What you return should be the full listing, exactly as given.

^^^^^^^^^^^^^^^^

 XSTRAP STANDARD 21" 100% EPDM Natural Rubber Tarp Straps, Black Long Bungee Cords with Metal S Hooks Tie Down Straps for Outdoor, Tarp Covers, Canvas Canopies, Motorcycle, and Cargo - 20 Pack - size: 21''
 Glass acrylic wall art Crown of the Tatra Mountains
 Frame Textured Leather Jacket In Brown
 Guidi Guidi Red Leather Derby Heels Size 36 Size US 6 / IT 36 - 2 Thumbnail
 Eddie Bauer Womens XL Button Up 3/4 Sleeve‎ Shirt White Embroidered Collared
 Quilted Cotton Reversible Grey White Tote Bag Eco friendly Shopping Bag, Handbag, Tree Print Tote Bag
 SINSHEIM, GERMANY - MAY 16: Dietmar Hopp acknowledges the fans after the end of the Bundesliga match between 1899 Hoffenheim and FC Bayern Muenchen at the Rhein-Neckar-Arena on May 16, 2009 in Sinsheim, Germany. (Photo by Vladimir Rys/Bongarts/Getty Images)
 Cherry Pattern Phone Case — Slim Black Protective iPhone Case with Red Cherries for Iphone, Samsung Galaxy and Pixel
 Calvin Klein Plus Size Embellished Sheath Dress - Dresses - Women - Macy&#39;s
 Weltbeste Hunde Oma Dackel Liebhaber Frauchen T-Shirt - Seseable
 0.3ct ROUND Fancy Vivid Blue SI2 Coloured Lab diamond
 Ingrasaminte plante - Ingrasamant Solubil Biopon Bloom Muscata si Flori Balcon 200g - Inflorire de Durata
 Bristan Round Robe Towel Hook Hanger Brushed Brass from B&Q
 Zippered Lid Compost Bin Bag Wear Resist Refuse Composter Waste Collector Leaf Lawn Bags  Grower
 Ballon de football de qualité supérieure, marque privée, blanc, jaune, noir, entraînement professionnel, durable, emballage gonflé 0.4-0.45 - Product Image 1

^^^^^^^^^^^^^^^^

PROBLEM SOLUTION:
 XSTRAP STANDARD 21" 100% EPDM Natural Rubber Tarp Straps, Black Long Bungee Cords with Metal S Hooks Tie Down Straps for Outdoor, Tarp Covers, Canvas Canopies, Motorcycle, and Cargo - 20 Pack - size: 21''
 Glass acrylic wall art Crown of the Tatra Mountains
 Frame Textured Leather Jacket In Brown
 Guidi Guidi Red Leather Derby Heels Size 36 Size US 6 / IT 36 - 2 Thumbnail
 Eddie Bauer Womens XL Button Up 3/4 Sleeve‎ Shirt White Embroidered Collared
 Quilted Cotton Reversible Grey White Tote Bag Eco friendly Shopping Bag, Handbag, Tree Print Tote Bag
 SINSHEIM, GERMANY - MAY 16: Dietmar Hopp acknowledges the fans after the end of the Bundesliga match between 1899 Hoffenheim and FC Bayern Muenchen at the Rhein-Neckar-Arena on May 16, 2009 in Sinsheim, Germany. (Photo by Vladimir Rys/Bongarts/Getty Images)
 Cherry Pattern Phone Case — Slim Black Protective iPhone Case with Red Cherries for Iphone, Samsung Galaxy and Pixel
 Calvin Klein Plus Size Embellished Sheath Dress - Dresses - Women - Macy&#39;s
 Weltbeste Hunde Oma Dackel Liebhaber Frauchen T-Shirt - Seseable
 0.3ct ROUND Fancy Vivid Blue SI2 Coloured Lab diamond
 Ingrasaminte plante - Ingrasamant Solubil Biopon Bloom Muscata si Flori Balcon 200g - Inflorire de Durata
 Bristan Round Robe Towel Hook Hanger Brushed Brass from B&Q
 Zippered Lid Compost Bin Bag Wear Resist Refuse Composter Waste Collector Leaf Lawn Bags  Grower
 Ballon de football de qualité supérieure, marque privée, blanc, jaune, noir, entraînement professionnel, durable, emballage gonflé 0.4-0.45 - Product Image 1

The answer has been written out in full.